Instructions for the task —
Would you output the lines from the one containing "Dětská sukně Guess" through the final line of the entries, exactly and with pictures omitted?

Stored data
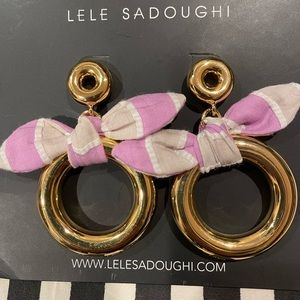 Lele Sadoughi bow hoop earrings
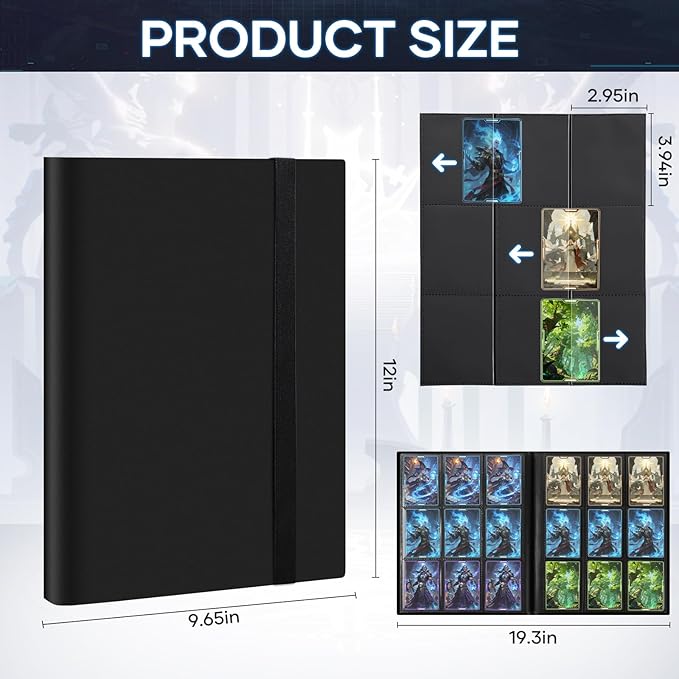 Trading Card Binder 9 Pocket, 360 Pockets Collectible Trading Card Album, Sports Card Binder for Standard Cards, Side Loading Card Folder for MTG Sports Baseball TCG Football Basketball Cards Black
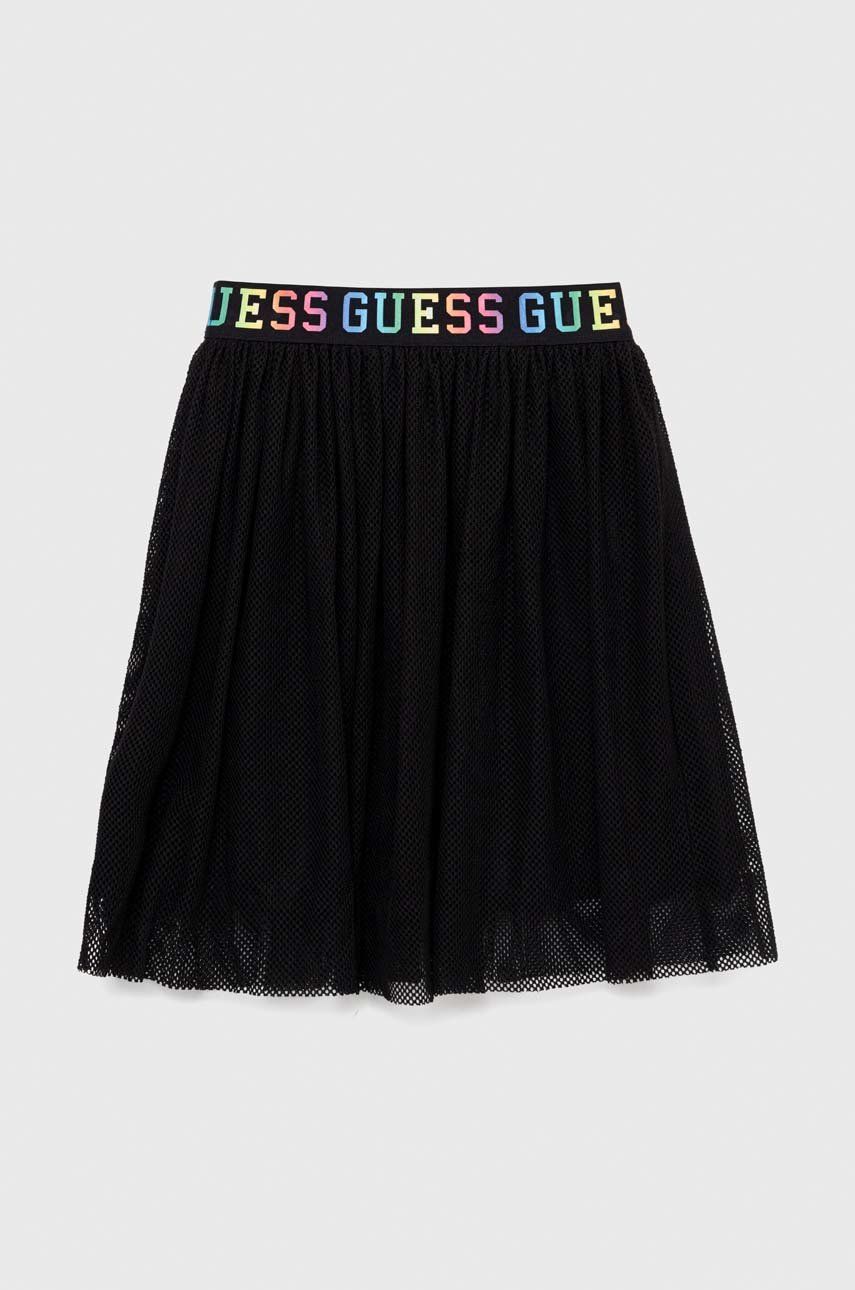 Dětská sukně Guess černá barva, mini, áčková - černá -  Hlavní materiál: 97 % Polyester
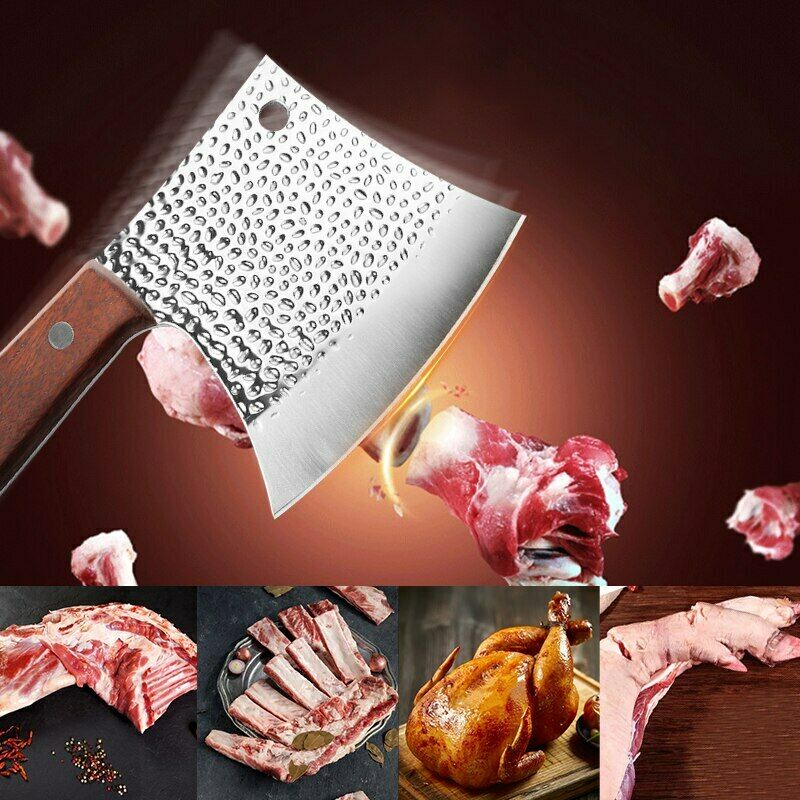 Chef Butcher Knife Bone Chopping Stainless Steel Forged Cleaver Kitchen Knife - Fresh Stock Dated December 2025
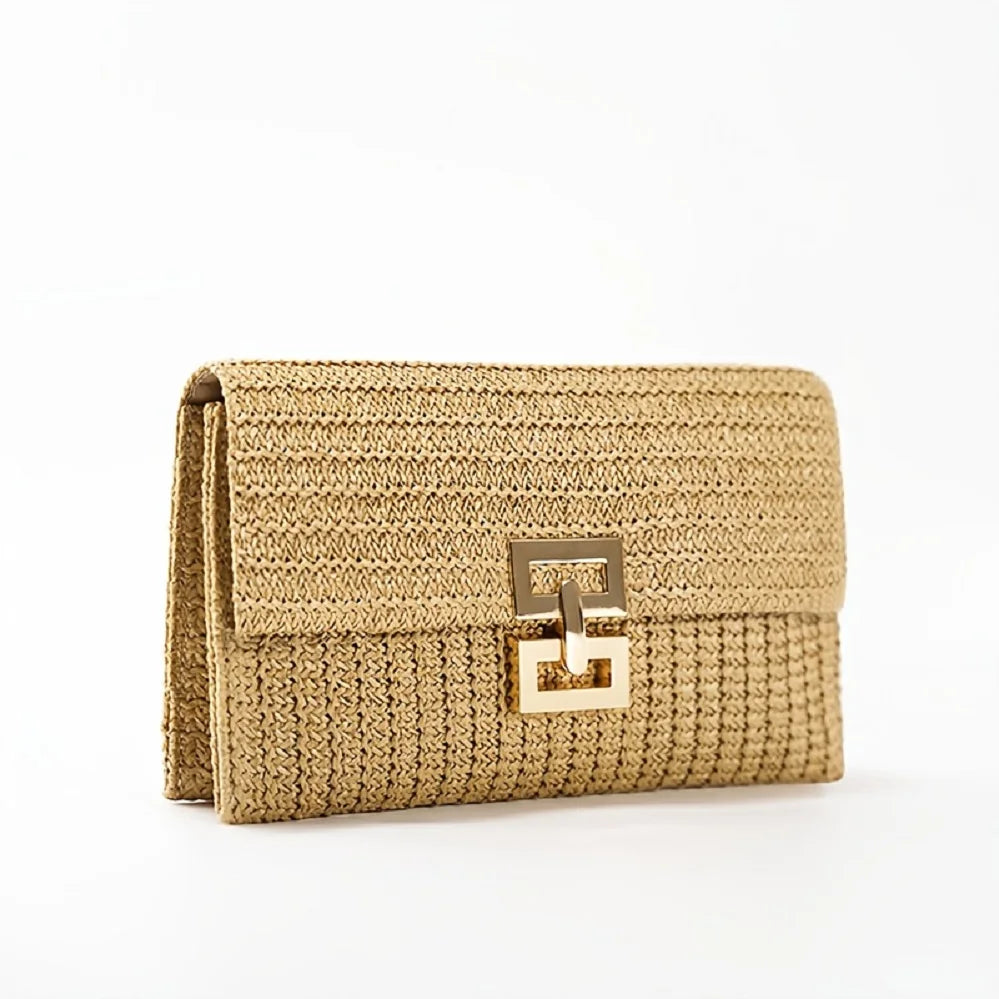 Boho Grass Woven Summer Wallet Bag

Task response —
 Dětská sukně Guess černá barva, mini, áčková - černá -  Hlavní materiál: 97 % Polyester
 Chef Butcher Knife Bone Chopping Stainless Steel Forged Cleaver Kitchen Knife - Fresh Stock Dated December 2025
 Boho Grass Woven Summer Wallet Bag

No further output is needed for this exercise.